[INSTRUCTIONS FOR THE TASK]:
Among the entries that follow, locate the line with "7 Hull Court, Lonsdale SA 5160" and the line with "El edificio ubicado". Output those lines and all lines in between, exactly, minus the pictures.
── AVAILABLE DATA
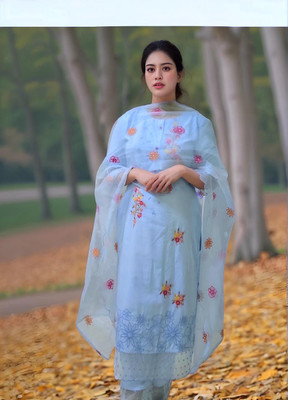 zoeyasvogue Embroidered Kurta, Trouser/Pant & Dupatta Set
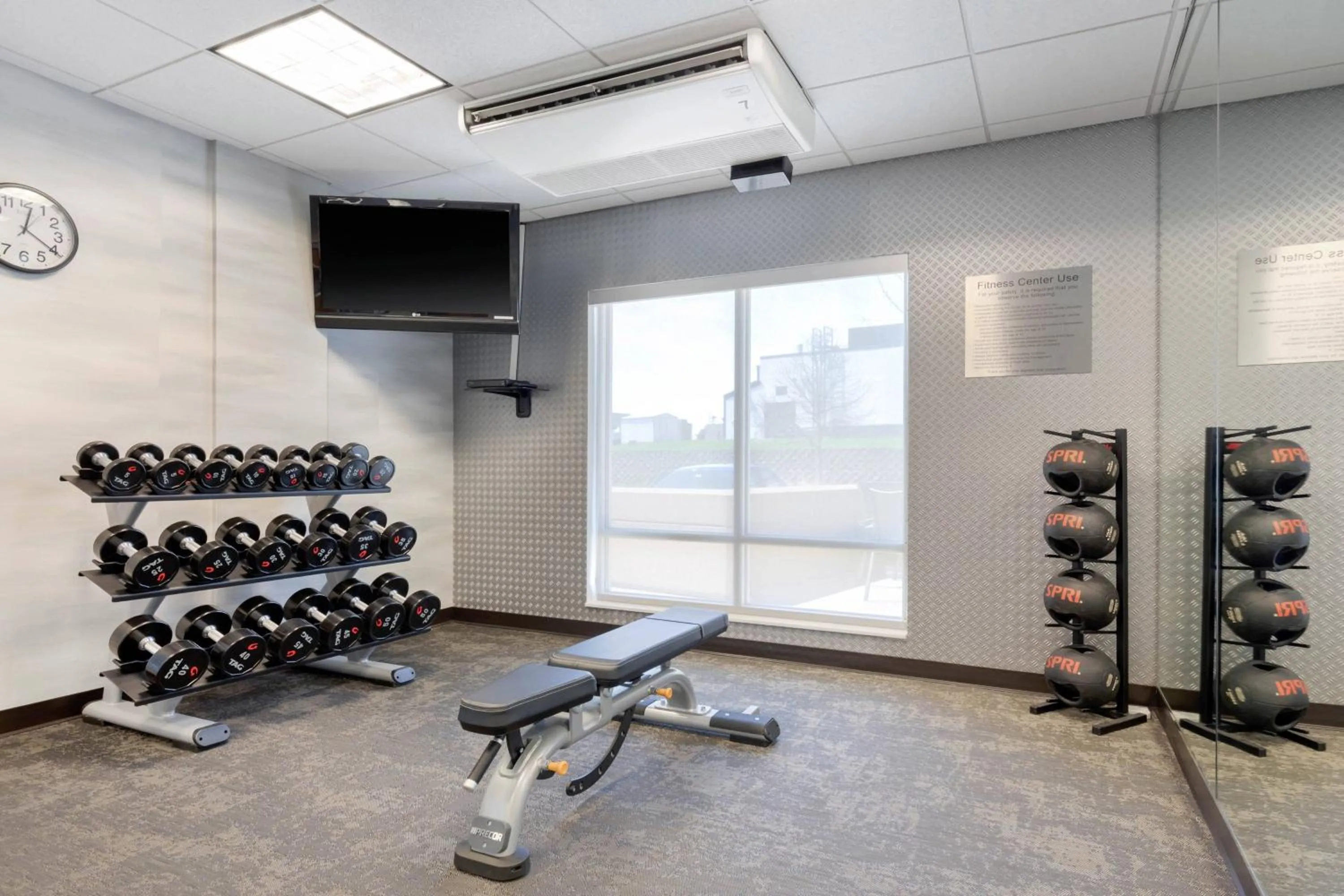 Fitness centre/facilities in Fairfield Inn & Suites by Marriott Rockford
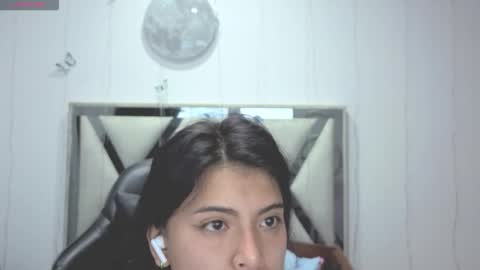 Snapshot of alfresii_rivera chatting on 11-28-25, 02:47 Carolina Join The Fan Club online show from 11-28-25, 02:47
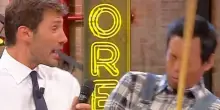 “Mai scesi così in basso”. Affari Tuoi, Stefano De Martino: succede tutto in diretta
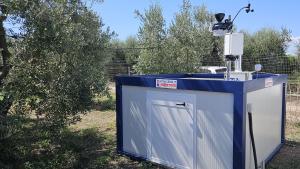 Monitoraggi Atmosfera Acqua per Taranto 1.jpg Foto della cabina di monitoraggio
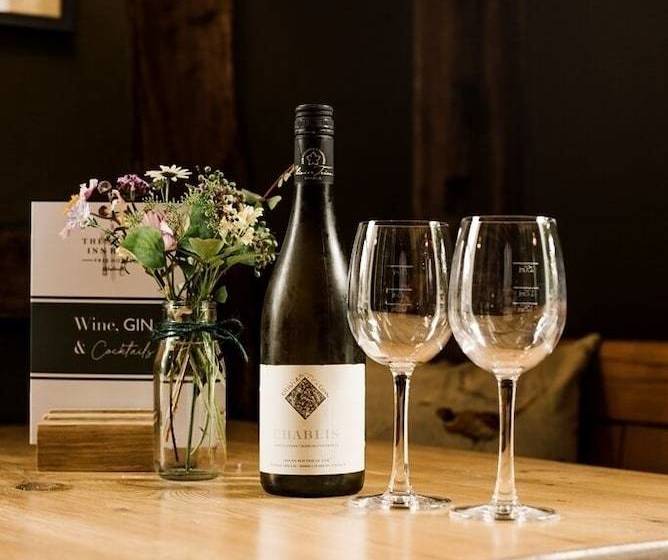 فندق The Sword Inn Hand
────
── AVAILABLE DATA
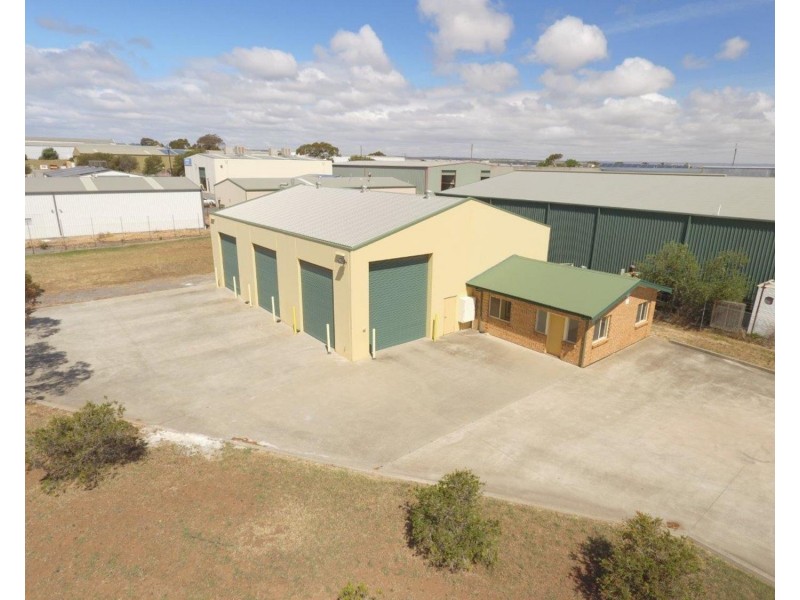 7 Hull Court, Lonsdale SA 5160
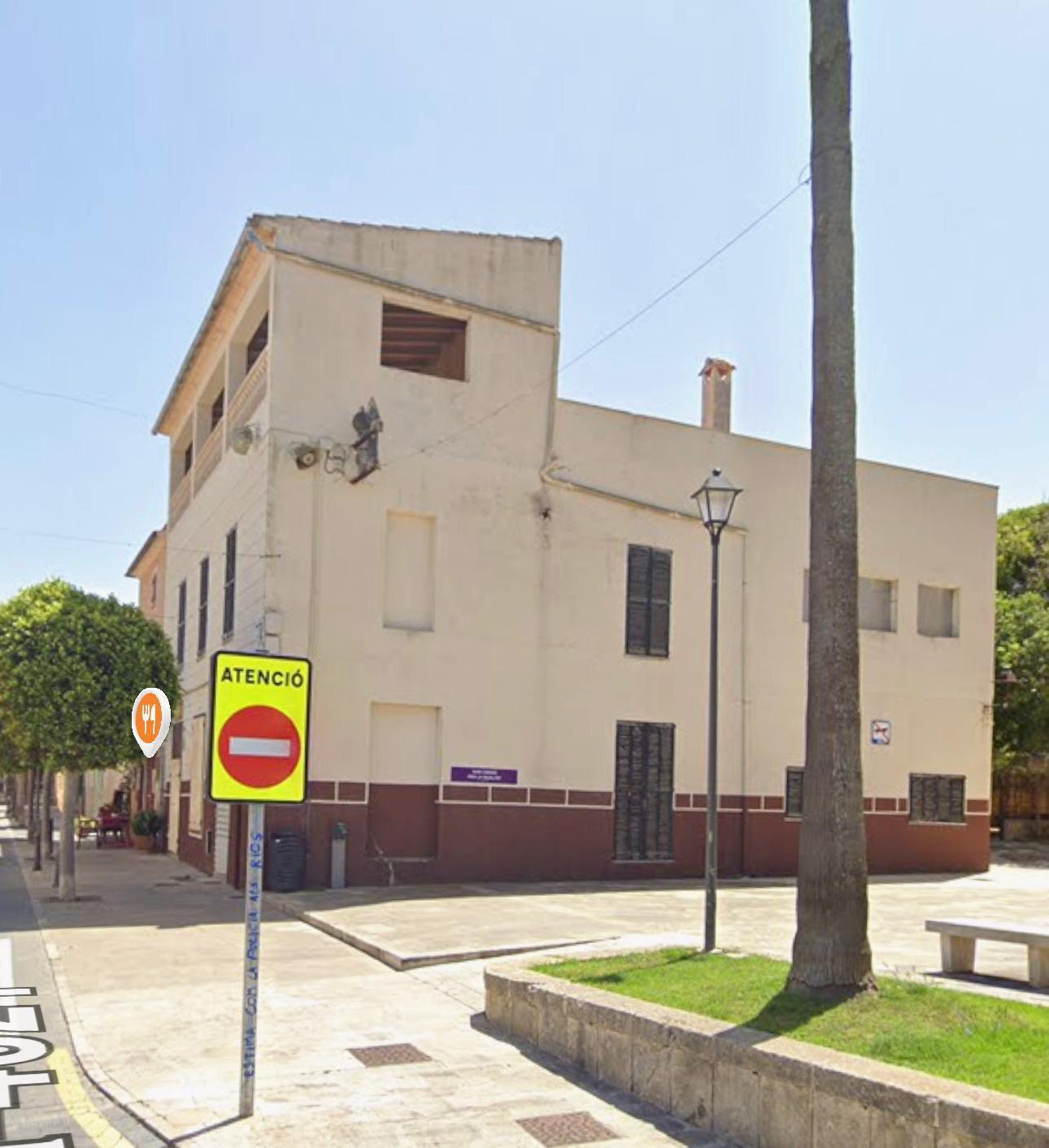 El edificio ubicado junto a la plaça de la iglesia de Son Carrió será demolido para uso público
────
[COMPLETED EXERCISE]:
 7 Hull Court, Lonsdale SA 5160
 El edificio ubicado junto a la plaça de la iglesia de Son Carrió será demolido para uso público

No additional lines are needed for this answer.